Writing the rest of the pipeline
--------------------------------

Now that we have our schema sorted out, we can go ahead and write the rest of our pipeline. Note that we will be using a :py:class:`~pipeline.connectors.RemoteFileConnector` to connect to yesteryday's raw data.

.. code-block:: python

    import datetime
    import pipeline as pl

    yesterday = (datetime.datetime.now() - datetime.timedelta(days=1))
    url = 'http://apps.pittsburghpa.gov/police/arrest_blotter/arrest_blotter_%s.csv' % (yesterday.strftime("%A"))
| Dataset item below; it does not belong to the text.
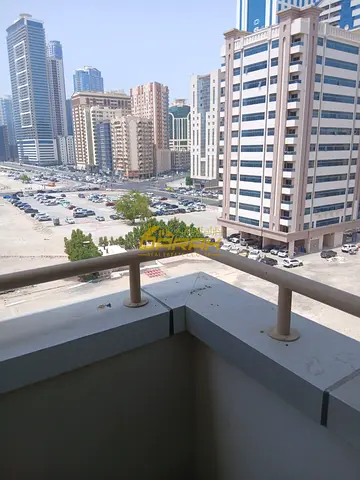 WITH PARKING• For Rent: Spacious 2-Bedroom Apartment with Living Room – Open View & Prime Location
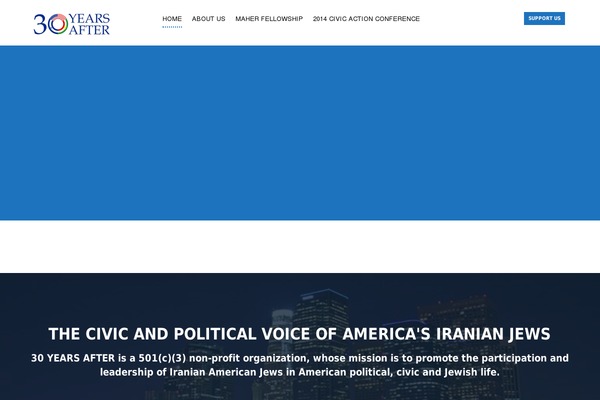 Westand theme site design template sample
    police_blotter_pipeline = pl.Pipeline('police_blotter_pipeline', 'Police Blotter Pipeline') \
        .connect(pl.RemoteFileConnector, url) \
        .extract(pl.CSVExtractor) \
        .schema(PoliceBlotterSchema) \
        .load(pl.CKANDatastoreLoader,
              fields=PoliceBlotterSchema().serialize_to_ckan_fields(capitalize=True),
              package_id='your-ckan-package-id-here'
              resource_name='Incidents',
              method='insert') \
        .run()

Let's deconstruct what's going on here. As we can see, the steps are all laid out in the primary methods:

    1. First, we connect to the remote file's location, which is generated from a base URL, string interpolated with the name of the previous day of the week. If necessary, we could override the file's encoding to ensure that it opens as expected.
    2. Secondly, we note that this is going to be a comma-separated input source. If necessary, we could override the delimiter if it were tab- or pipe-separated data. We could also pass in custom headers. One thing to note here is that headers are automatically mapped to ``schema_headers``, which are the names of the marshmallow fields in our schema. If headers are manually passed, they need match the schema headers so that marshmallow knows what to look for. Optionally, the individual marshmallow fields can also take a ``load_from`` field which allows headers to be mapped on a per-field level.
    3. Our above-specified schema is passed to the pipeline.
    4. We specify that we are going to use a :py:class:`~pipeline.loaders.CKANDatastoreLoader`. This has some required kwargs, which include the data insertion method (must be either ``insert`` or ``upsert``), and the ``fields`` to use. There is a :py:meth:`~pipeline.schema.BaseSchema.serialize_to_ckan_fields` convenience method attached to all pipeline schema, which will automatically build the required ``fields`` in the correct format for CKAN.
    5. Finally, with everything declared, we run the pipeline!